C’est en piétonne de Paris que Catherine Véglio (auteure du roman Des vies sans refuge) a lu le livre de l’architecte Antoine Picon, Natures urbaines – Une histoire technique et sociale 1600-2030.

Ce fut un été olympique, propice à redécouvrir la capitale en piétonne de Paris. Dans la ville ouverte au monde, touristes, parisiens, policiers se pressaient au pied des cinq anneaux, pour se faire photographier. Sous le soleil exactement, sur une place de la Bastille paraît-il végétalisée mais tellement minérale. Paris ville verte ?

Pendant ce temps s’ouvrait au public une nouvelle forêt urbaine du côté de la Petite ceinture, dans le 20e arrondissement, le Bois de Charonne, qui comprendra à terme plus de 2 000 arbres et 6 000 plants forestiers. De ce nouvel espace naturel, Antoine Picon en parle, dans un livre passionnant et judicieusement illustré, Natures urbaines – Une histoire technique et sociale 1600-2030, édité à l’occasion de l’exposition qui se tenait sur ce thème au Pavillon de l’Arsenal – du 24 avril au 29 septembre 2024 (1).

Un héritage historique

L’auteur réunit nombre de références pour nous entraîner avec bonheur dans une promenade savante révélant l’évolution des relations entre ville et nature au fil des siècles. Car pour comprendre les rapports contemporains entre l’urbain et la nature, il faut porter un regard historique, remonter une longue chronologie dans laquelle réalités et imaginaires sont inséparables.

Tous nos débats actuels sur la place et le rôle de la nature en ville face à la crise climatique renvoie « à des valeurs et à des pratiques sédimentées de longue date » souligne l’auteur. Celles-ci ont forgé des modèles urbains occidentaux largement diffusés à partir de la seconde moitié du XIXe siècle et dont l’héritage est toujours bien présent sur les cinq continents.

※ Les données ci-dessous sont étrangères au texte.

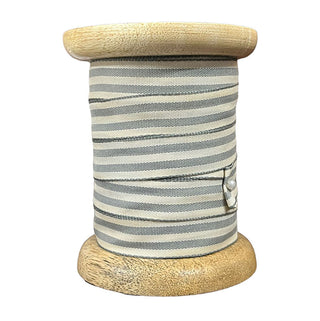 CG Hunter Grosgrain Ribbon in White and Grey, 10 Yards per Spool, elegantly displayed with a striped texture on a refined wooden spool.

Antoine Picon invite ainsi le lecteur à explorer les natures urbaines à Séoul, Londres, New-York, Buenos Aires, Milan, Bangkok, Singapour ou encore Fukuoka au Japon. Mais l’arpenteur du bitume parisien, soucieux de prolonger ses déambulations estivales, trouvera dans ces pages matière à un beau voyage dans un paysage urbain qu’il croyait connaître.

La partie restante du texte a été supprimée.